Why? Well for starters, it’s Art Basel Miami, so you don’t really need a reason. But in this case there is one: to “make people feel climate change in their gut,” according to the project’s creator, Lars Jan.

Jan, an artist and director, created Holoscenes as a response to pictures of flooding in Pakistan four years ago:

“So this image popped into my head of a man turning pages of a newspaper in a totally mundane room as it slowly filled with water,” Jan recalls. “He would take a big breath and hold it, but he doesn’t react to the flood with any sense of crisis. He comes up for air and goes back to reading his newspaper. I wanted to show people adapting to this crisis on an everyday basis.”

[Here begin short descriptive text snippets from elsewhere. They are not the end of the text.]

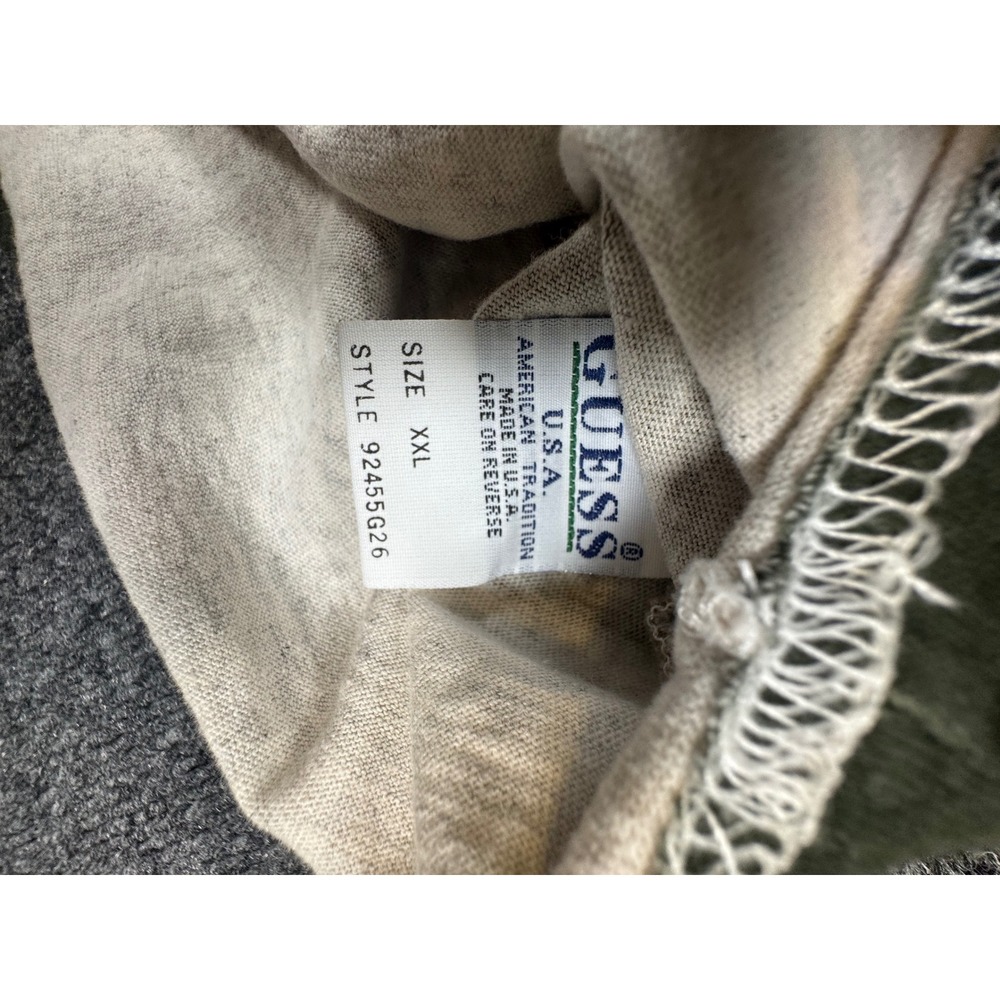Vintage GUESS Jeans USA Striped Long Sleeve Shirt XXL Tan Green Embroidered Logo - Picture 4 of 7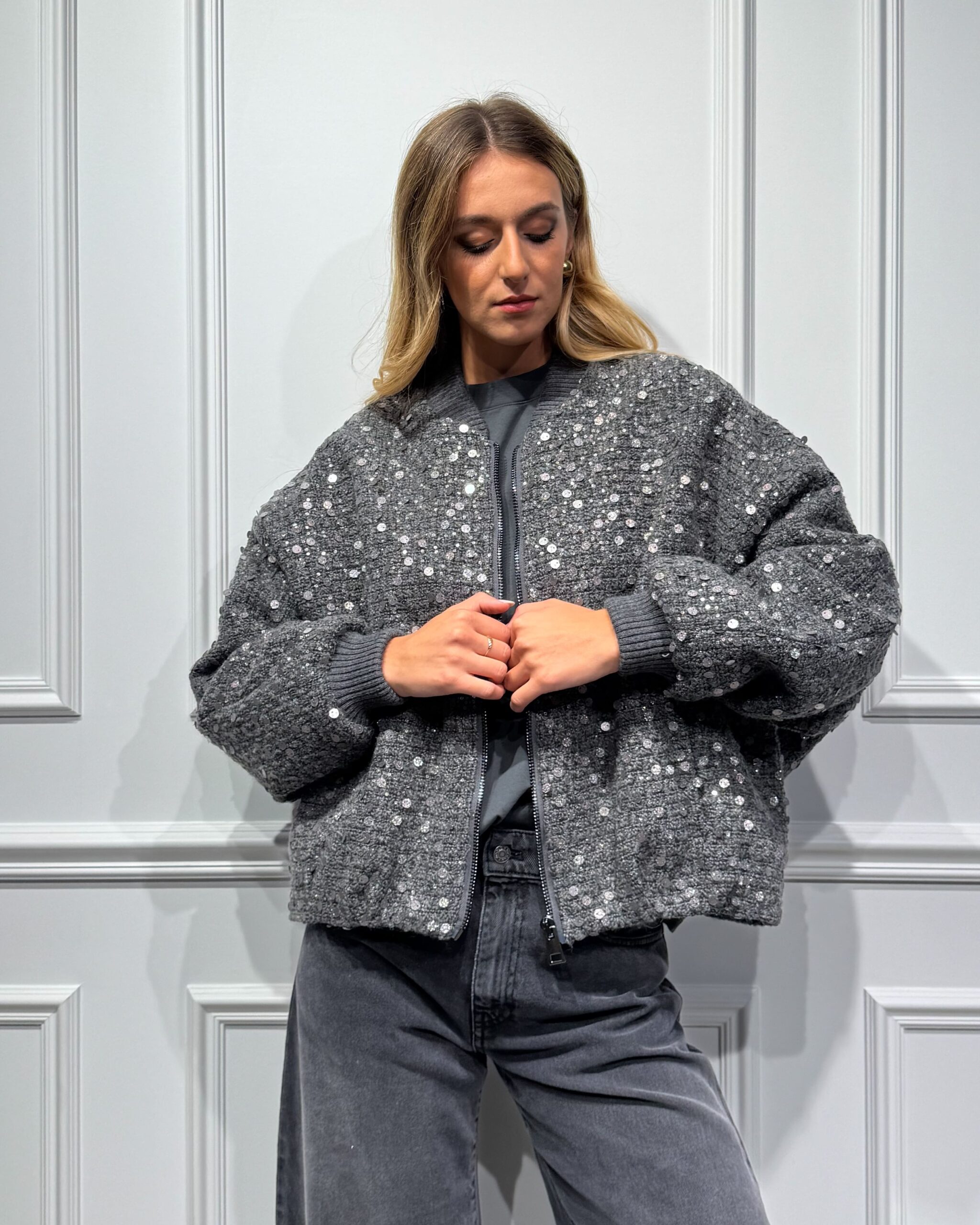 GIUBBOTTO BOMBER CON PAILLETTES - TENSIONE IN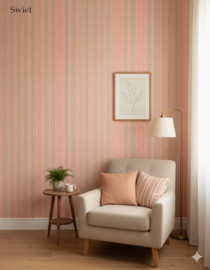 Roze streepjes behang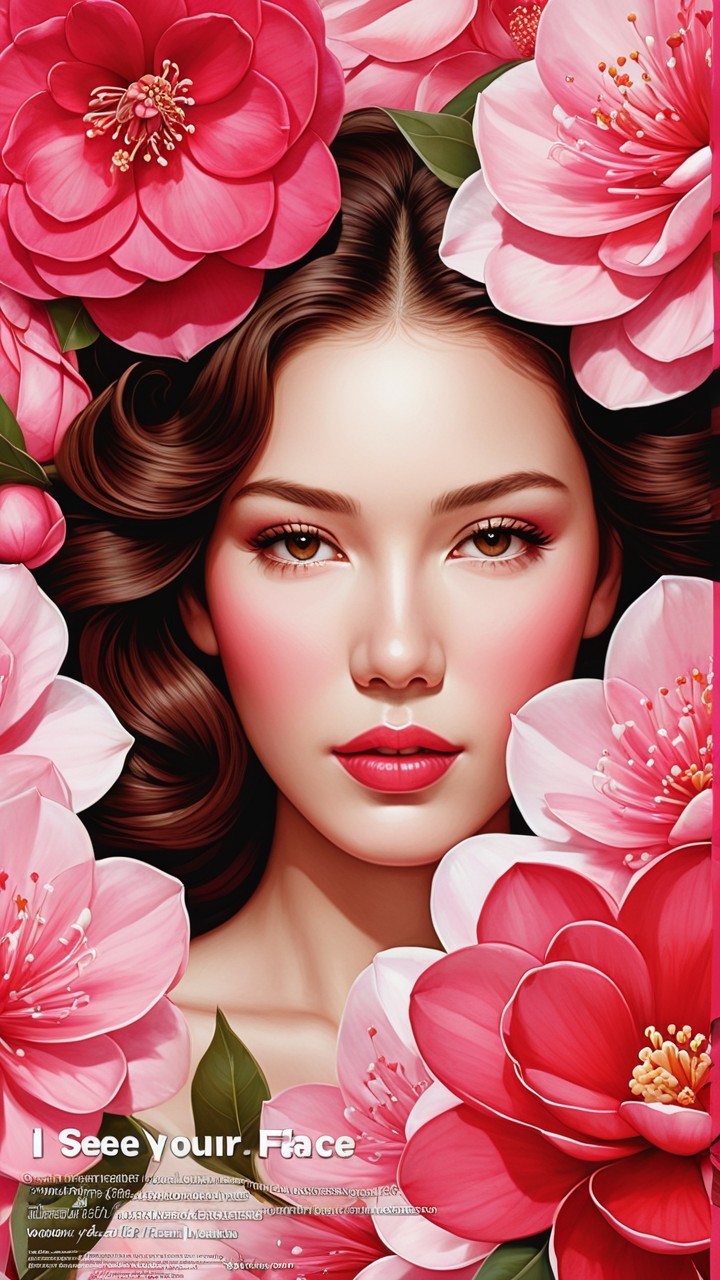 Portrait of a Young Woman Surrounded by Pink Flowers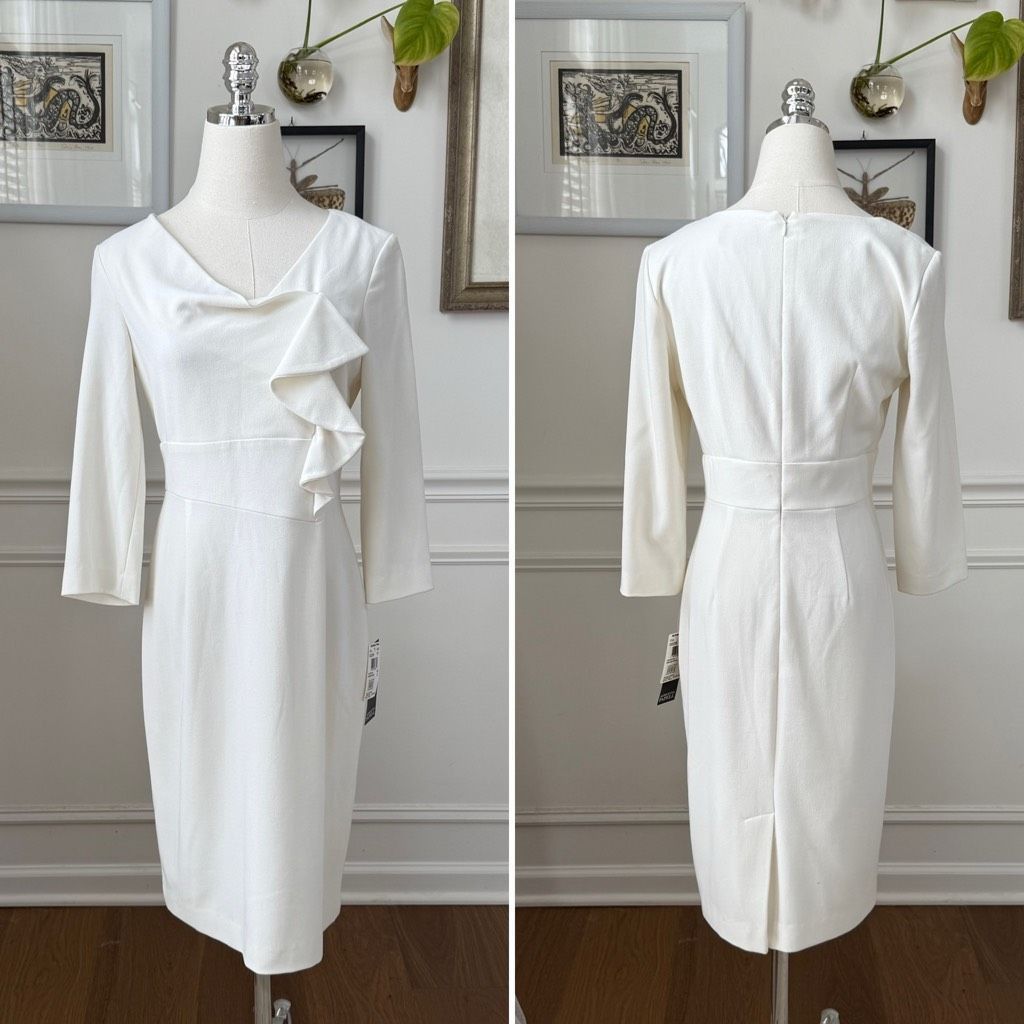 Other NWT Adriana Papell Ivory Semi Ruffle Sheath Dress $138 2 Size XS / US 0-2 / IT 36-38 - 1 Thumbnail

The artists in the tank aren’t told when the waters will rise or recede — a pretty direct translation of the very real uncertainty of climate change — but they carry on with their tasks just the same: coiling a hose, playing a guitar, getting dressed. The lack of reaction speaks to a human resilience in the face of catastrophic change, Jan says. It also seems like a pretty apt dramatization of our ability to ignore disaster even as it unfolds around us.

The work has already been touring around, but it finds a natural home in Miami, a major city already confronting (or failing to confront) the realities of sea-level rise. At the tail end of humanity’s hottest year, and with a critical climate conference underway, do I really need to point out all the parallels?

By the way, how’s your gut feeling? Any climate change in there yet? Who knows if art is the most direct path to that vaunted decision-making organ (we already tried the brain, didn’t we?) but what’s clear is that we’re talking about the real-world implications of climate change more than ever before, and in more languages and venues.

So while Miami fair-goers will get to see these hulks and this human paintbrush in action, they’ll also get a reminder that those wonky news headlines have real-world consequences — even if the consequence in this case is a 3,500-gallon tank containing a really frustrated gardener.